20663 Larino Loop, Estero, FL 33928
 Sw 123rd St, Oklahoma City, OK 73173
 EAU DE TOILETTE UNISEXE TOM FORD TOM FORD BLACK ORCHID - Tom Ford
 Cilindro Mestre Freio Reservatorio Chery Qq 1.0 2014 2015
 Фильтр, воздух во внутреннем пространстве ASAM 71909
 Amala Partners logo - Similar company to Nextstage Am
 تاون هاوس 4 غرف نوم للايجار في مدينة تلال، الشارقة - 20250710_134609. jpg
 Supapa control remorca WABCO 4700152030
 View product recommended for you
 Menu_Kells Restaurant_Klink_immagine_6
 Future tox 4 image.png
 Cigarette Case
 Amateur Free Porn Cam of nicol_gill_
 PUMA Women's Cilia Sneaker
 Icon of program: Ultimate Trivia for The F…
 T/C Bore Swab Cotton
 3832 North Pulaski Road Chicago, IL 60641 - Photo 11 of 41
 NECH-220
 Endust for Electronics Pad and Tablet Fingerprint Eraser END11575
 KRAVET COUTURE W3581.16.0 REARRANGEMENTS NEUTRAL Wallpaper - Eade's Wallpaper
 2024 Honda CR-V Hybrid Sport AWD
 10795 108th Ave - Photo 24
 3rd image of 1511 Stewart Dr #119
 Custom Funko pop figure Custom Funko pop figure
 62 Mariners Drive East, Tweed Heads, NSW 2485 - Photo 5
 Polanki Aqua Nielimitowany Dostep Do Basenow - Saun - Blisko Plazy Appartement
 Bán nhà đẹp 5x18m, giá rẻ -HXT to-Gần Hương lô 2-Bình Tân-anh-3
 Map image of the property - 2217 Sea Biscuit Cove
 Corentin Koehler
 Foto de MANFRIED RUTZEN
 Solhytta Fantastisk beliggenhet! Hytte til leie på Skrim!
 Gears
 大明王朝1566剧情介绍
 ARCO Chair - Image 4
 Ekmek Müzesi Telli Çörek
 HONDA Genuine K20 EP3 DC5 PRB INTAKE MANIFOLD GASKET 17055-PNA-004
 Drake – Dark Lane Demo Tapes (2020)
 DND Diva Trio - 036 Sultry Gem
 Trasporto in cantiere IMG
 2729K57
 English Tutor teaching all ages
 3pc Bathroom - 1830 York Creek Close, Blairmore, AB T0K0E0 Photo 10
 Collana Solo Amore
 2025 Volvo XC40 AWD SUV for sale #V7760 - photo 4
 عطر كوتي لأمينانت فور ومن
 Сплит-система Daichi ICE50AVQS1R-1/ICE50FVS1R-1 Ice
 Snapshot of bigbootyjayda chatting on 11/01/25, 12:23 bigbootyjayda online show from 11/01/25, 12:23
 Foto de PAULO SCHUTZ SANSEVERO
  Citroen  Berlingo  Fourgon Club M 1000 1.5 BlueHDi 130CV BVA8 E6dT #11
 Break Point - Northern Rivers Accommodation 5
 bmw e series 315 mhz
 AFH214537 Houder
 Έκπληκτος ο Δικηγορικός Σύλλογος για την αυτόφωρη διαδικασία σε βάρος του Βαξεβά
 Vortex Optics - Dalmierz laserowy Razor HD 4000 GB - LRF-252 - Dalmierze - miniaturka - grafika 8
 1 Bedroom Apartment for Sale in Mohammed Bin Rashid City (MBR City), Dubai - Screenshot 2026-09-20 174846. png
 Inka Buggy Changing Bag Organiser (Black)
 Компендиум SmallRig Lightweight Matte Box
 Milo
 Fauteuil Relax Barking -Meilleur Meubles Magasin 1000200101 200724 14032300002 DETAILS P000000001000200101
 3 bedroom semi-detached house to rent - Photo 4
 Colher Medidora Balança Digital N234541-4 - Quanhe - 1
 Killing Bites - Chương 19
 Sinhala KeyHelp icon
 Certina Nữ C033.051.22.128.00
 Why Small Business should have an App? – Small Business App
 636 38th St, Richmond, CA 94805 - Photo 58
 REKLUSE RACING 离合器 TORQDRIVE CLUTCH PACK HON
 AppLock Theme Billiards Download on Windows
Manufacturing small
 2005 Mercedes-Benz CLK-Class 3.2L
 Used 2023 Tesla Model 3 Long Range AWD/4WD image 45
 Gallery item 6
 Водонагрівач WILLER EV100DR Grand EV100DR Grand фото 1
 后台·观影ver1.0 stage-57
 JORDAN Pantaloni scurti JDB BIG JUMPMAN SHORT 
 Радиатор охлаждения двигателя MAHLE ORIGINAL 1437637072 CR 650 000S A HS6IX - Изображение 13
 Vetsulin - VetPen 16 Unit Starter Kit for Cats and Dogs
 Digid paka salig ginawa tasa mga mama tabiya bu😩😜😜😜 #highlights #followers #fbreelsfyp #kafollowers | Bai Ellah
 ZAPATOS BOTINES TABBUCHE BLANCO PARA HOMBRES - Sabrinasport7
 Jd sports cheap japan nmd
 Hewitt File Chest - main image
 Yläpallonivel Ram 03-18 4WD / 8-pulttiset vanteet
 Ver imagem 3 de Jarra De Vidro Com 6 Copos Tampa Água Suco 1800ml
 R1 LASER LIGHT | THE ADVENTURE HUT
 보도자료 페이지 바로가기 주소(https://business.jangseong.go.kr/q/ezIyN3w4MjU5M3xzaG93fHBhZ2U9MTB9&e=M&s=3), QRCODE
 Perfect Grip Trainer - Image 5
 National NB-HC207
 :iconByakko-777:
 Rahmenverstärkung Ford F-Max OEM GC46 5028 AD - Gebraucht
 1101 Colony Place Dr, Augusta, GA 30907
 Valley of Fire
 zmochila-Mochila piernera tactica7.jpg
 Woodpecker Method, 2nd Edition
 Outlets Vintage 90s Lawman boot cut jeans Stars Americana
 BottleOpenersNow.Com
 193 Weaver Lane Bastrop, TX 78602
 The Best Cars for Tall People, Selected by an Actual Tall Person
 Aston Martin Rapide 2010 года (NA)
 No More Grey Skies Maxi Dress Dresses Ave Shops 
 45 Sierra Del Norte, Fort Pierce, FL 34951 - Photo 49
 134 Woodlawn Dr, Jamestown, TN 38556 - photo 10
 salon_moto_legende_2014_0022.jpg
====================
> _What to produce_: Lines from the one that contains "R1 LASER LIGHT | THE ADVENTURE HUT" through the final line of the entries must be duplicated exactly, and no other lines.

> _Task answer_:
 R1 LASER LIGHT | THE ADVENTURE HUT
 보도자료 페이지 바로가기 주소(https://business.jangseong.go.kr/q/ezIyN3w4MjU5M3xzaG93fHBhZ2U9MTB9&e=M&s=3), QRCODE
 Perfect Grip Trainer - Image 5
 National NB-HC207
 :iconByakko-777:
 Rahmenverstärkung Ford F-Max OEM GC46 5028 AD - Gebraucht
 1101 Colony Place Dr, Augusta, GA 30907
 Valley of Fire
 zmochila-Mochila piernera tactica7.jpg
 Woodpecker Method, 2nd Edition
 Outlets Vintage 90s Lawman boot cut jeans Stars Americana
 BottleOpenersNow.Com
 193 Weaver Lane Bastrop, TX 78602
 The Best Cars for Tall People, Selected by an Actual Tall Person
 Aston Martin Rapide 2010 года (NA)
 No More Grey Skies Maxi Dress Dresses Ave Shops 
 45 Sierra Del Norte, Fort Pierce, FL 34951 - Photo 49
 134 Woodlawn Dr, Jamestown, TN 38556 - photo 10
 salon_moto_legende_2014_0022.jpg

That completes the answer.